JAKARTA – Kanada memperkuat kemitraan strategis dengan Perhimpunan Bangsa-Bangsa Asia Tenggara (ASEAN) dengan mengumumkan pendanaan sebesar 4,2 juta dolar Kanada (Rp51 miliar) melalui Dana Perwalian Rencana Aksi ASEAN-Kanada.
Sekretaris Negara Kanada untuk Pembangunan Internasional Randeep Sarai mengatakan pendanaan itu diambil dari total 11,7 juta dolar Kanada (Rp141,6 miliar) yang disumbang oleh Kanada melalui Dana Perwalian Rencana Aksi ASEAN-Kanada.
“Kanada akan menyediakan $4,2 juta untuk mendukung beberapa inisiatif baru yang akan membantu memperkuat standar pertanian dan keamanan pangan ASEAN, mempromosikan tata kelola AI yang bertanggung jawab, berkontribusi pada penelitian tentang ekonomi digital ASEAN, termasuk kejahatan siber dan daring,” kata Sarai dilansir ANTARA, Selasa, 13 Januari.

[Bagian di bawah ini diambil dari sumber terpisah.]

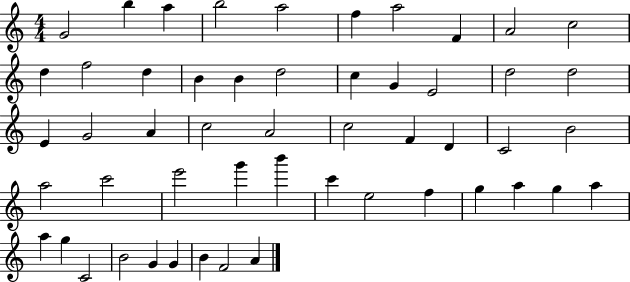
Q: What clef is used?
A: treble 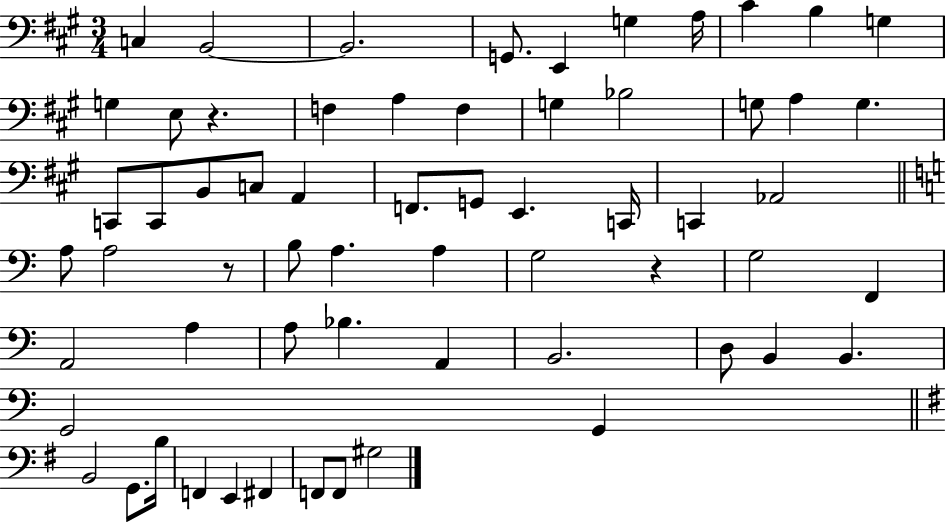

Pendanaan sebesar 385 ribu dolar Kanada (Rp4,6 miliar) akan digunakan untuk mendukung pengembanganASEAN Socio-Cultural Development Outlook Volume 2selama satu tahun.
Pendanaan itu akan mendukung penelitian yang dilakukan oleh The Asia Foundation yang akan berfokus pada megatren digitalisasi, termasuk kejahatan siber, penipuan daring, misinformasi, dan kesenjangan digital.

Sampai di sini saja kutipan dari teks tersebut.